Ensuite, au lieu d’écouter et d’entendre les demandes sociales, le tandem IBK-Cissé n’a cessé de varier de cap au gré des prescriptions des spécialistes. Certes, l’écoute des spécialistes est importante pour la prise de décision, mais elle ne doit pas aveugler l’exécutif sur l’importance du lien à garder avec la réalité quotidienne : crises scolaire, sanitaire ou sécuritaire. Deuxième erreur politique. Le fossé entre le peuple et l’exécutif se creuse. C’est aussi une des origines de la colère du M5-RFP. La colère des manifestations du M5-RFP sur la Place de l’Indépendance peut aussi être analysée comme celle du rejet de l’élite politique dans sa globalité. Elle est exacerbée par les tensions du quotidien : coupures d’électricité ou d’eau, criminalité sur les routes ou encore cette insécurité permanente contre laquelle on est devenu impuissant… Rien n’a été fait avant 2012 et, malheureusement, rien n’est fait aujourd’hui.

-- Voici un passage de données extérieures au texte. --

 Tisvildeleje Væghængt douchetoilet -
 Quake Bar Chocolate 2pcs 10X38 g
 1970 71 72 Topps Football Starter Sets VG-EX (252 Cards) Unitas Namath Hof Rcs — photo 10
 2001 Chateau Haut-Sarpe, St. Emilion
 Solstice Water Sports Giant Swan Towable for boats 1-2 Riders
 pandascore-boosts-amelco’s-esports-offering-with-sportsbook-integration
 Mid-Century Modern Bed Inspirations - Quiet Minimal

Enfin, la question du retour effectif de Kidal dans le giron malien n’a pas été clairement traitée par l’exécutif. Troisième erreur politique. La liste peut être longue. Or, la stabilité du Mali et du Sahel sont indissociables du retour de Kidal au sein de sa mère patrie (Amara : 2019). Au sujet de Kidal et du Centre, une rencontre avec l’ensemble des partenaires doit être tenue pour débattre de manière constructive et lucide sur les possibilités d’optimiser la politique sécuritaire, la place des populations locales, et surtout la réconciliation des communautés. Parce qu’un simple retour des autorités administratives maliennes dans ces régions ne suffit pas pour décanter la situation à cause de sa complexité et de ses racines profondes.

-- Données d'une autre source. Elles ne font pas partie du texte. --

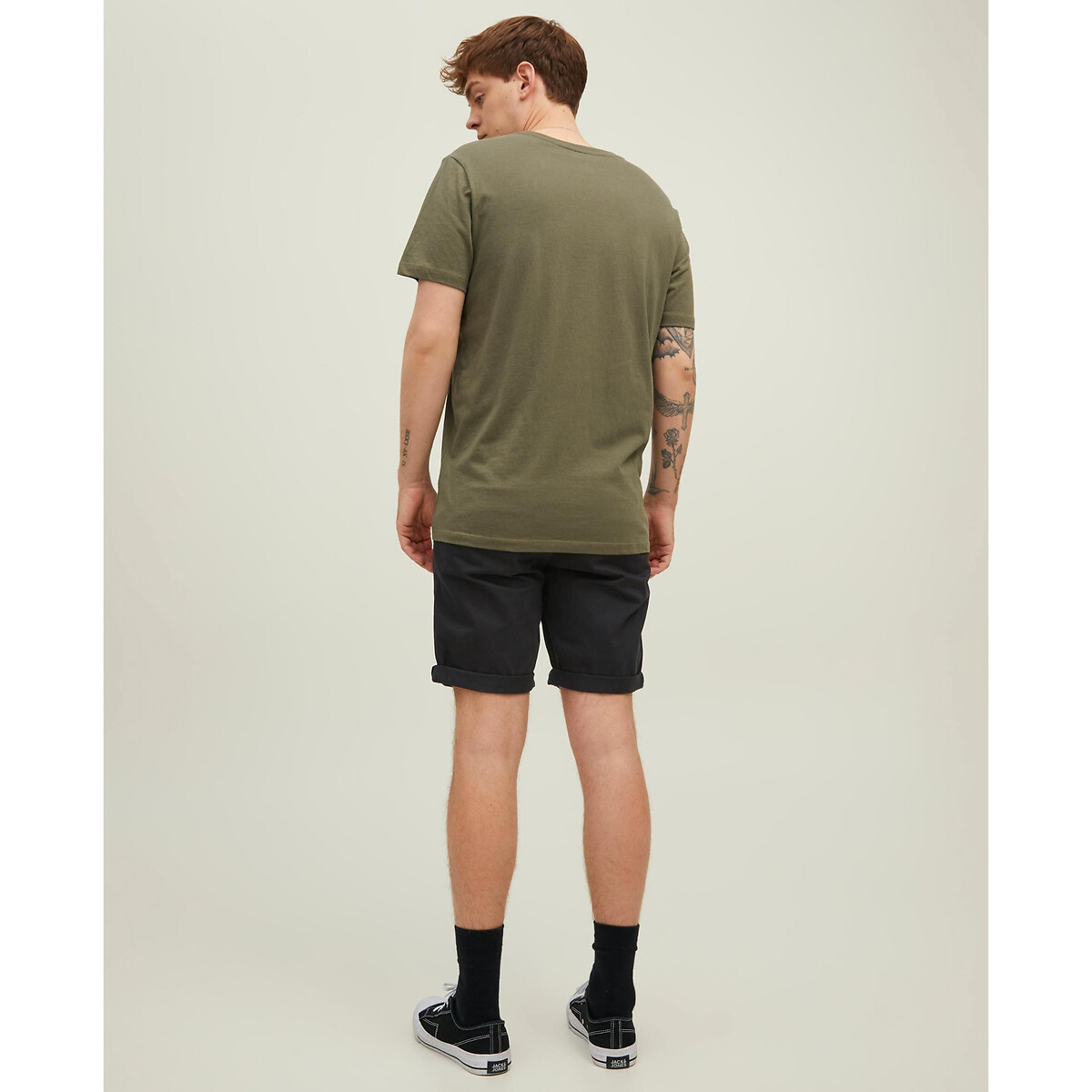 Shorts Bowie, Straight-Leg schwarz, JACK & JONES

Nul doute que le contexte actuel de Coronavirus chatouille les mouvements sociaux, mais de plus en plus les Maliens refusent le manque de résultats concrets de l’exécutif contre l’insécurité ou la corruption, serpent de mer de la mal gouvernance. Depuis la proclamation des résultats définitifs fin avril 2020 par la Cour constitutionnelle, le Mali est complètement déchiré. Les fractures sont importantes entre ceux qui sont élus et ceux qui ne le sont pas, entre ceux qui gouvernement et ceux qui ne gouvernent pas, entre ceux qui sont protégés et ceux qui ne le sont pas, entre ceux qui sont inclus et ceux qui sont exclus.

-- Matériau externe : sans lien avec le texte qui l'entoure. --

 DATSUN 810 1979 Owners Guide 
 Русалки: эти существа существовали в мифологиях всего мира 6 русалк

Ce faisant, le Mali doit tout refonder pour retrouver la paix et la cohésion sociale, et peut-être jouer un rôle moteur dans la future Task Force Takuba du contreterrorisme dans le Sahel. Des réformes doivent être menées. A cause de leurs inégalités fondamentales et structurelles, les différents régimes et systèmes doivent être reformés, car jusque-là, ils n’ont su créer ni une autorité politique, ni une puissance étatique, ni fabriquer un citoyen malien libre et républicain. Par exemple, le régime constitutionnel, chancelant, cible des critiques actuelles, doit être réformé. Aussi bien le système électoral que le régime parlementaire, discrédités à tort ou à raison, doivent être refondés. Les systèmes éducatif, sanitaire et social doivent être innovés. Ces différentes réformes doivent s’inscrire dans une vision à long terme.
Reformer, c’est une responsabilité générationnelle devant l’histoire que chacun d’entre nous doit assumer. Reformer, c’est aussi innover pour agir par les moyens légaux et démocratiques sur les problèmes actuels, pas pour nous, mais pour les générations à venir. Un des défis majeurs de ces réformes, c’est de sortir du mensonge et de l’impuissance dont nous sommes les principaux auteurs au quotidien. Or, pour cheminer vers une liberté de conscience ou de cultes, il faudra pour commencer se libérer du poids social. Bien sûr dans le respect mutuel.